I WENT BACK to my real life, where a paycheck was paramount, my roommate hated me and impossible deadlines loomed.
How could I concentrate when sex occupied my thinking all day long now. When you have it, you can’t get enough of it. There really was a good reason for a Guy Diet—at least you could focus on the important stuff.
Though, what was more important than sex? And Jed?
Maybe Paula and me on speaking terms?
I tiptoed into our apartment that night but she’d beat me home, and she actually was in the kitchen puttering around.
She held up a forkful of spaghetti. “Does that look done?”
“Taste it.”
“Ewww. With no sauce?” She sipped a strand. “It tastes wet. Slimy. Firm.”

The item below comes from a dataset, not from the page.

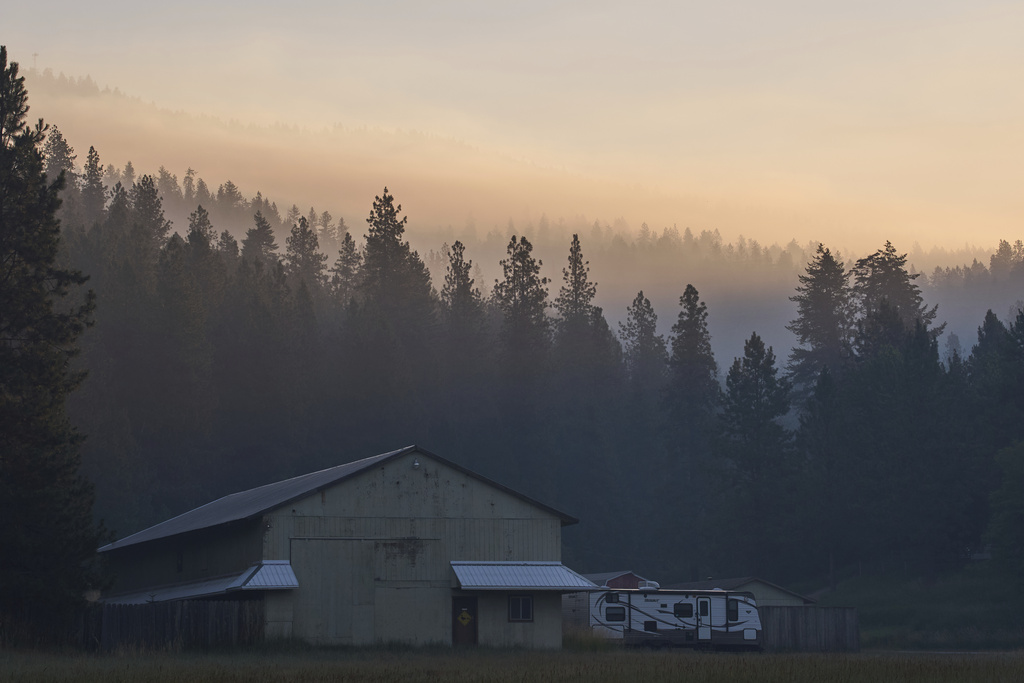 Smoke fills the air the day after a shooter ambushed and killed multiple firefighters responding to a wildfire at Canfield Mountain Monday, June 30, 2025, in Coeur D'Alene, Idaho. (AP Photo/Lindsey Wasson)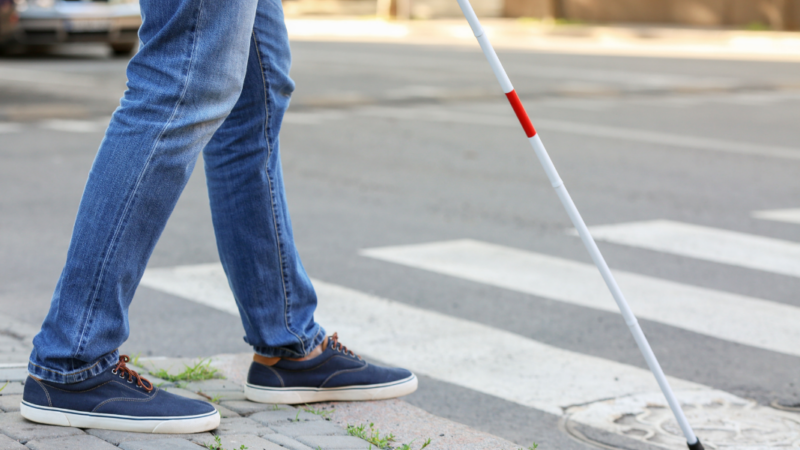 Persona ciega con bastón cruzando un paso peatonal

“Good. Drain it. Please don’t tell me it’s jar sauce.”
“It’s jar sauce because I didn’t know if you were coming back here tonight.”
“I didn’t know if you were,” I countered.
“I took
a day off to think about it—Brian, I mean…about everything.”
“Was it good for you?”
“He’s a nice guy.” She poured a whole jar of sauce into a saucepan and set it to heat. “That was nice of Jed.”
“I thought so.”
“He did that for you, you know.”
“What?”
“Brian—he did that for you.”
Oh, oh, oh…I felt her words reverberate. I thought about my all-encompassing list of what didn’t need to be said. He did it for me.
“He did that for you,” I said carefully.
“No, you don’t understand. He didn’t know if Brian and I would click. He just wanted to make it better…for you.”
Omigod. Don’t examine that too closely. Distract her.
“But did you like him?”
“Brian? I liked him. I liked that there was no pressure, that he was easy to talk to, that he was a gentleman, that he called today. Yes, I liked him. Yes, I’m going out with him again. And yes, I’ll have sex with him if he asks.”
“Good.”
“What are you going to do?”
I am not going to let myself fall in love.
I didn’t say that. I was halfway there already. Because he did that for me. All of it. Even deliberately giving me the chance to write the grab-and-go column.
Got-my-back guy. That was what it boiled down to. Maybe not love-me-forever guy, but—oh my God. Jed was my longed-for got-my-back guy. And he never gave up. And I never saw it coming.
It shook me up. Made me think about things that were impossible to dream about.
Or talk about. So I said, “I don’t know what I’ll do. I guess, just enjoy it while I can.”
“What do you mean, while you can? You think this is going to be over and out by tomorrow?”
Damn. I really didn’t want to ruminate on the reasons why I didn’t think it could last. “Don’t you? I’m not exactly in his stratosphere.”